Eine alte Frau an einem Trainingsgerät
SCHMERZEN DURCH ARTHROSE

Kontrolliertes Bewegen mit Schmerzen

Arthrose ist eine häufige Erkrankung bei Personen über 60 Jahre und kann den Alltag stark einschränken. Ein neues, bestechend einfaches Therapieprogramm zeigt nun aber grosse Erfolge.

Jede vierte Person in der Schweiz leidet unter Arthrose und hat dadurch leichte bis sehr starke Schmerzen. Die Schmerzen können sowohl in ruhendem Zustand auftreten als auch bei der Bewegung. Am häufigsten sind der Bereich der Hüfte oder das Knie betroffen (siehe Kasten «Was ist Arthrose?»).

Arthrose gilt als unheil- aber behandelbar. Oft wird ein Therapiemix aus Bewegung, Medikamenten und als letztes Mittel die Operation vorgesehen, bei dem etwa ein künstliches Gelenk eingesetzt wird.
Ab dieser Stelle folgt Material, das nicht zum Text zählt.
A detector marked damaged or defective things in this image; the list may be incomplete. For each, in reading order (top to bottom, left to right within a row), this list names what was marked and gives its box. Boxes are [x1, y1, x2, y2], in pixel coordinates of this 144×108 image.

Ein neues Therapieprogramm aus Dänemark mit dem Namen GLA:D – Good Life with osteoArthritis (übersetzt: Gutes Leben mit Arthrose) – zeigt nun aber, wie mit einfachen Methoden überraschende Resultate bei Arthrose-Patienten erzielt werden können. Kernpunkt des Programms ist, dass Patientinnen und Patienten nach einer eingehenden Untersuchung lernen, ihre Bewegungen und Haltung zu kontrollieren, ihre Muskelkraft zu trainieren und ganz zentral: Sie lernen auch, wie sie funktionale Übungen in ihren Alltag einbauen können.

Was ist Arthrose?

 Bei jeder Verbindung ist der Knochen mit einer dünnen Knorpelschicht überzogen. Bei einer Arthrose ist diese Schicht beschädigt oder abgebaut. Die meisten Arthrosen lassen sich auf eine Fehlstellung, übermässige Belastung oder Bewegungsmangel zurückführen, da Gelenke, die zu wenig bewegt werden, keine «Gelenkschmiere» mehr bilden. Am häufigsten betroffen von Arthrose sind die Hüft- und Knie- sowie die Fingergelenke.

Vielfältige Symptome

Die ersten Anzeichen einer Arthrose sind dumpfe oder stechende Schmerzen, sobald das Gelenk bewegt wird. Betroffene berichten oft von einem Anlaufschmerz am Morgen. Wird das Gelenk eine Weile bewegt, kann der Schmerz auch wieder verschwinden. Die Krankheit kann Betroffene so weit einschränken, dass Socken anziehen, in einen Mantel schlüpfen oder Schuhe binden zu einer grossen Herausforderung werden können.

Wer rastet, rostet

Eine weitere Erkenntnis, welche die Patienten machen sollen, ist, dass Bewegung – vor allem zu Beginn – auch Schmerzen bereiten kann und dass damit nicht noch mehr Schaden angerichtet wird. Im Gegenteil. Denn gerade Bewegungsmangel kann dazu führen, dass ein Gelenk, welches nicht belastet wird, zu wenig Gelenkflüssigkeit absondert und damit rascher zu einem Abbau des Gelenkknorpels führt.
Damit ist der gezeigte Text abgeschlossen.